Even if we assumed appellants are correct and the August order is void, a party cannot attack even allegedly void orders in an untimely appeal. See Kenseth v. Dallas County, 126 S.W.3d 584, 596-97 (Tex.App.-Dallas 2004, pet. denied) (rejecting parties' argument that void orders can be attacked at any time, including time that would otherwise be too late under rules of appellate procedure). Moreover, "jurisdiction" refers to a court's authority to adjudicate a case. Reiss v. Reiss, 118 S.W.3d 439, 443 (Tex. 2003). The notice essential to due process is original notice giving jurisdiction, not notice of the time for exercise of jurisdiction already vested. Ex parte Hodge, 611 S.W.2d 468, 469 (Tex.Civ.App.-Dallas 1980, orig. proceeding). In general, as long as the court entering a judgment has jurisdiction of the parties and the subject matter and does not act outside its capacity as a court, the judgment is not void. Reiss, 118 S.W.3d at 443. Errors other than lack of jurisdiction, such as "a court's action contrary to a statute or statutory equivalent," merely render the judgment voidable so that it may be "corrected through the ordinary appellate process or other proper proceedings." Id.
Here, the trial court had jurisdiction over the parties and subject matter as well as jurisdiction to render judgment, and the order is not void. Ex parte Hodge, 611 S.W.2d at 469 (rejecting argument that party's failure to receive adequate notice of hearing deprived trial court of jurisdiction); Buruato v. Mercy Hosp. of Laredo, 2 S.W.3d 385, 387 (Tex.App.-San Antonio 1999, pet. denied) (rejecting argument that order dismissing suit was void because plaintiffs did not receive timely notice of hearing). We reject appellant's first argument.

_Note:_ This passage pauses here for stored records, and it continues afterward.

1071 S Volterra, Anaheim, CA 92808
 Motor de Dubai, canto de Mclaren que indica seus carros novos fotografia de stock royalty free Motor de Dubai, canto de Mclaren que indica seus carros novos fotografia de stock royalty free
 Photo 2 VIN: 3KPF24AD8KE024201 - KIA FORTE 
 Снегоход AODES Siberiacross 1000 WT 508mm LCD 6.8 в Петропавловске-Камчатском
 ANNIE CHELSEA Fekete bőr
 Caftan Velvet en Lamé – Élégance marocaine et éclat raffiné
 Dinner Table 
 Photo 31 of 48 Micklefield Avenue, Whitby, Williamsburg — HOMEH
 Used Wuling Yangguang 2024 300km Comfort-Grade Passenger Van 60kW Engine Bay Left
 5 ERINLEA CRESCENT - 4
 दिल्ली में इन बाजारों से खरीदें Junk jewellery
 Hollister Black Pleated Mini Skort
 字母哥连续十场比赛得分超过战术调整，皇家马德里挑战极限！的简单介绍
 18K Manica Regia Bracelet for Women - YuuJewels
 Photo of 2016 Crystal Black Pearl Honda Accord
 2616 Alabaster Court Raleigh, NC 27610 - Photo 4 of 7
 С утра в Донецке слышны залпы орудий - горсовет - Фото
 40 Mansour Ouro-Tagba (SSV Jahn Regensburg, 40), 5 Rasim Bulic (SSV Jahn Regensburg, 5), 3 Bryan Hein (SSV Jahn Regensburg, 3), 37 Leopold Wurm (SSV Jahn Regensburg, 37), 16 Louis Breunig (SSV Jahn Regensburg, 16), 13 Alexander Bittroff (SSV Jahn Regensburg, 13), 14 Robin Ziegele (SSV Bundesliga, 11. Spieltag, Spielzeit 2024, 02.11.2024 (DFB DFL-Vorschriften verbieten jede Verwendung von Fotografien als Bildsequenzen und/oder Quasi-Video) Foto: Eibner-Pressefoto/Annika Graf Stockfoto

Next, appellants argue the trial court reformed its "judgment" in September by denying them an extension to file a report that complied with the statute. Again, we disagree. The August order resolved all remaining issues in this case; nothing remained for disposition. In their motion for reconsideration, appellants asked for thirty days to file a new report. While the September order did deny appellants' new request for relief sought by the motion for reconsideration, it did not in any way modify, correct, or reform the August order dismissing the lawsuit against appellee. See Naaman v. Grider, 126 S.W.3d 73, 74 (Tex. 2003) (concluding time for notice of appeal began to run when trial court signed final judgment, not when it later denied motion for new trial and granted for motion for judgment). We reject the second argument.
The final, appealable order in this case was signed on August 23, 2004. Because appellants filed a timely motion for new trial (actually, a motion for reconsideration), their notice of appeal was due no later than ninety days after the August 24, 2004 order, or November 21, 2004. See Tex.R.App.P. 26.1(a). Appellants filed their notice of appeal on December 27, 2004, more than one month late. Because appellants did not timely appeal the dismissal order, we have no jurisdiction over this appeal. See Thompson v. Beyer, 91 S.W.3d 902, 905 (Tex.App.-Dallas 2002, no pet.).
We grant appellee's motion to dismiss the appeal, and we dismiss this appeal for want of jurisdiction.